- **Work order**
The reply should hold every line of the listing exactly, and none of its images.

- **The data**

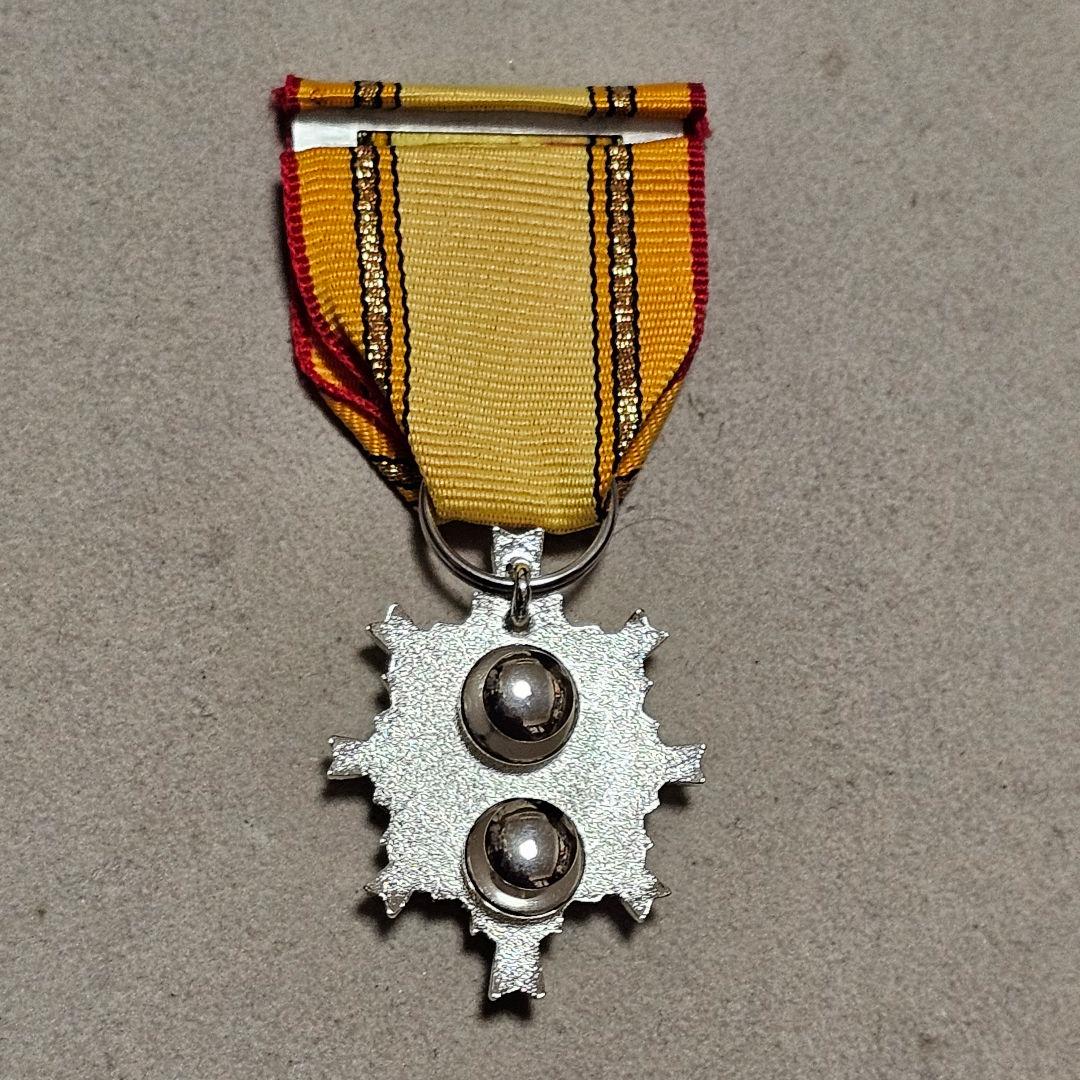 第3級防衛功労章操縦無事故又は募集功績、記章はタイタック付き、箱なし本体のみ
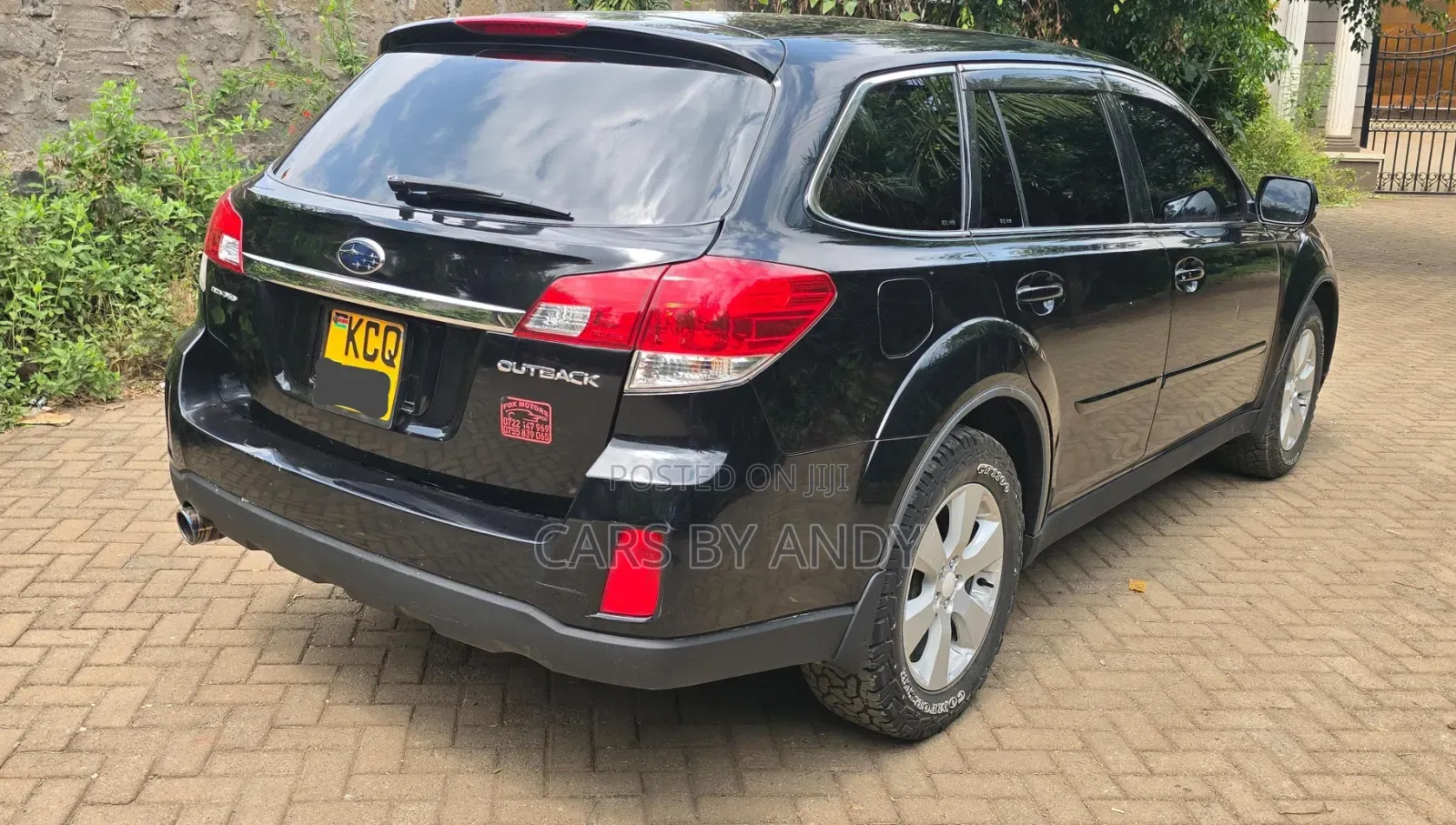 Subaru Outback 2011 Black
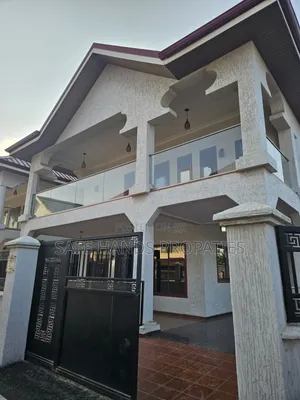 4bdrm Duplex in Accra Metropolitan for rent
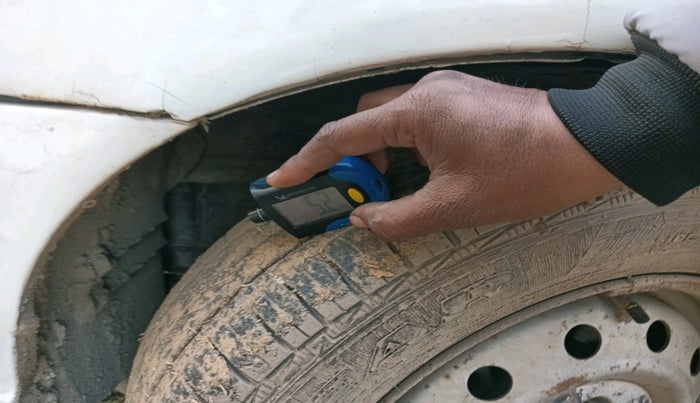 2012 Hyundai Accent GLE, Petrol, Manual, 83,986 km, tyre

- **Answer below**
 第3級防衛功労章操縦無事故又は募集功績、記章はタイタック付き、箱なし本体のみ
 Subaru Outback 2011 Black
 4bdrm Duplex in Accra Metropolitan for rent
 2012 Hyundai Accent GLE, Petrol, Manual, 83,986 km, tyre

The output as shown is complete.